Task description = Whatever lies between the line with "Yamaha DXR10 MkII" and the end of the data, both included, must be copied exactly and without pictures.

Available data =
—————
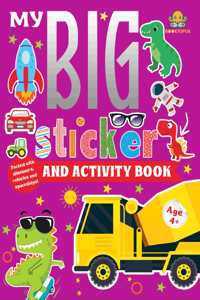 My Big Sticker And Activity Book 1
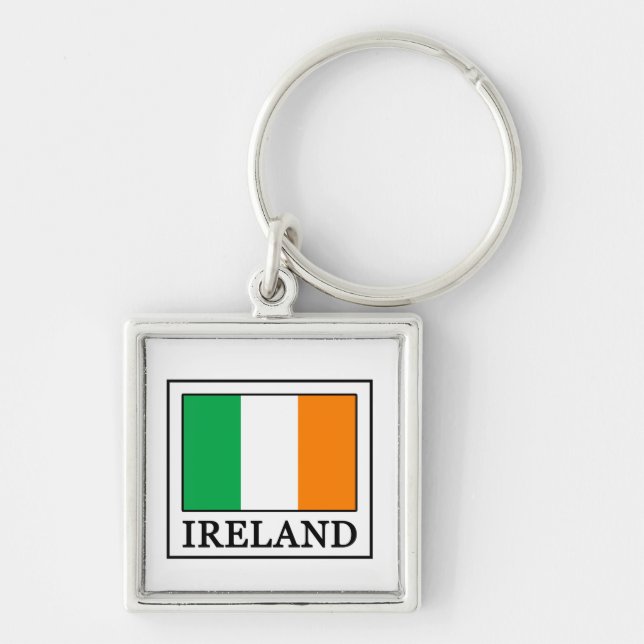 Ireland Keychain (Front)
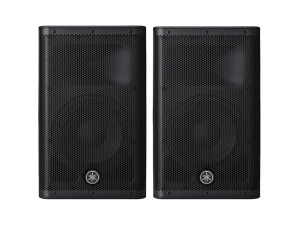 Yamaha DXR10 MkII 1100W 10-Inch Powered Loudspeaker Pair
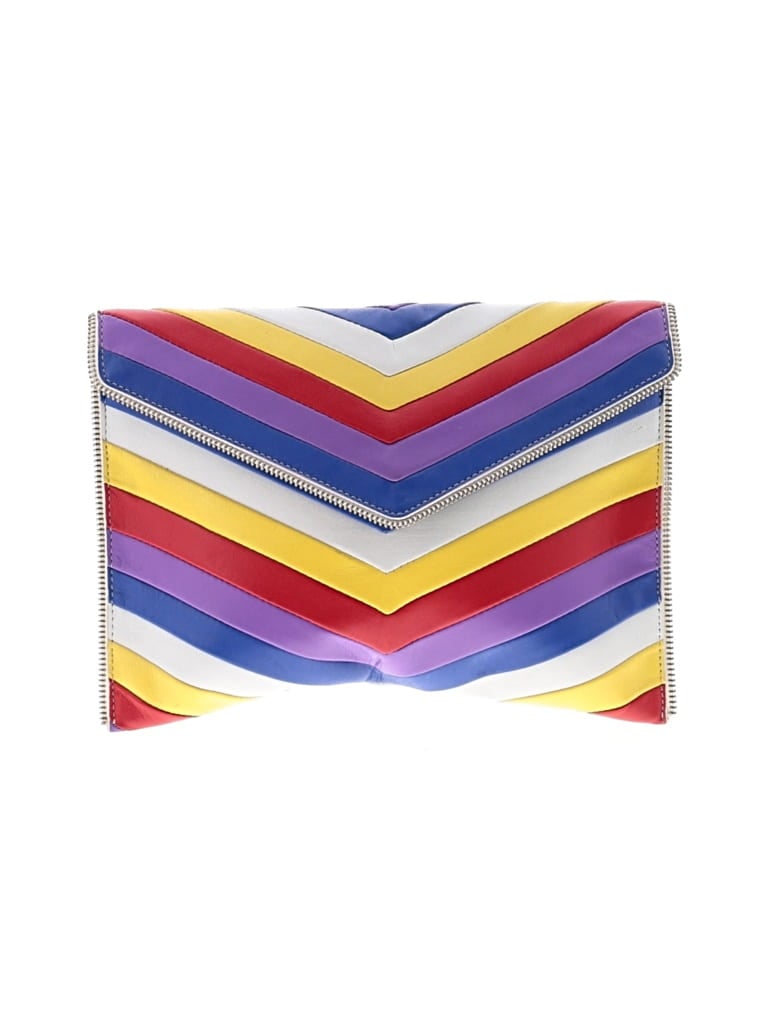 Click to view more detailed imagery on our partner's website Pre-owned Rebecca Minkoff Clutch In Purple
—————
Solution for this exercise =
 Yamaha DXR10 MkII 1100W 10-Inch Powered Loudspeaker Pair
 Click to view more detailed imagery on our partner's website Pre-owned Rebecca Minkoff Clutch In Purple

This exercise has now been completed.